Mai 2017 

Mäuse
erzeugt:2017-05-01
letzte Änderung:2017-05-01

Je mehr ich über Veganismus und Tierrechtlertum nachdenke, desto mehr wird mir die unendliche Absurdität dieser Ideologie bewusst. Denn die Welt ist unvegan, ihre Gesetzmäßigkeiten und Beschaffenheit sind allesamt ein so eindeutiges Zeugnis wider dieser Gedankenwelt, dass man schon sehr weltfremd sein muss, um das akzeptieren zu können.

So sind zum Beispiel Mäuse … nicht für eine vegane Welt geeignet. Warum? Nun, obwohl sie sich „vegan ernähren“, sie sind herbivor, so gibt es dennoch eine Eigenschaft an ihnen, die sich mit dem Bild eines Idylls, in dem alle Tiere Freunde sind, nicht vertragen kann: Ihre Vermehrungsrate.
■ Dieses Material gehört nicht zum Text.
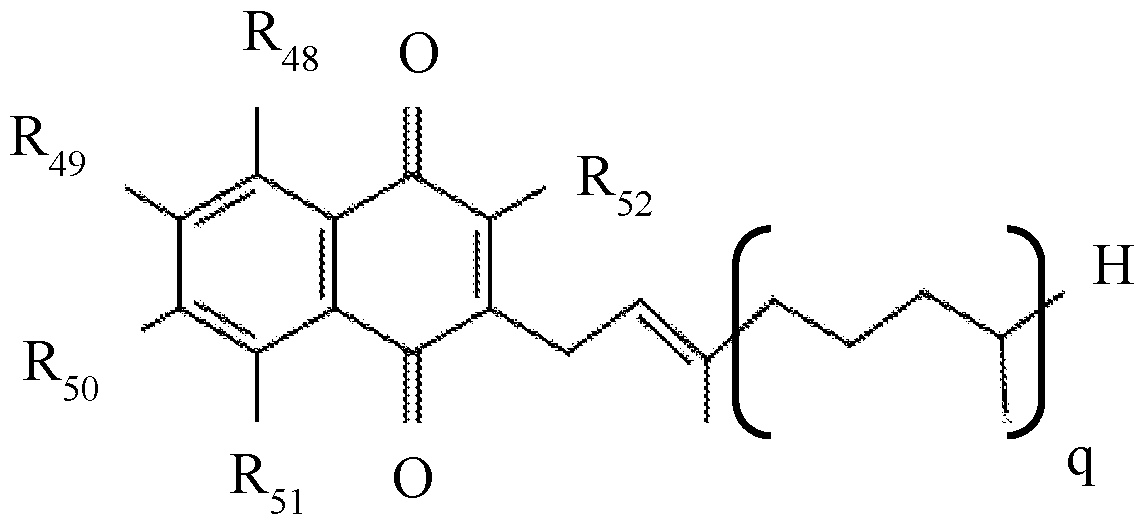 Figure imgf000019_0001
Mäuse, kleine, putzige Nager, eine hohe Vermehrungsrate gehört schlicht zu ihrer Überlebensstrategie, weil sie eben allerorts gefressen werden. Vögel, Katzen, Marder,… Maus & Co sind eine wichtige Stufe der Nahrungspyramide, die in sich zusammenfällt, wenn … hm, vielleicht wäre der beste Weg zu einer veganen Welt wirklich ein Atomkrieg, ein Asteroidenregen, oder sonstwas, das das Leben auf der Erde vollständig vernichtet. Denn dann fressen in der Tat keine Tiere mehr andere Tiere, und Leid würde es auch nicht mehr geben. Wäre nur konsequent. Wenn man vegan denkt.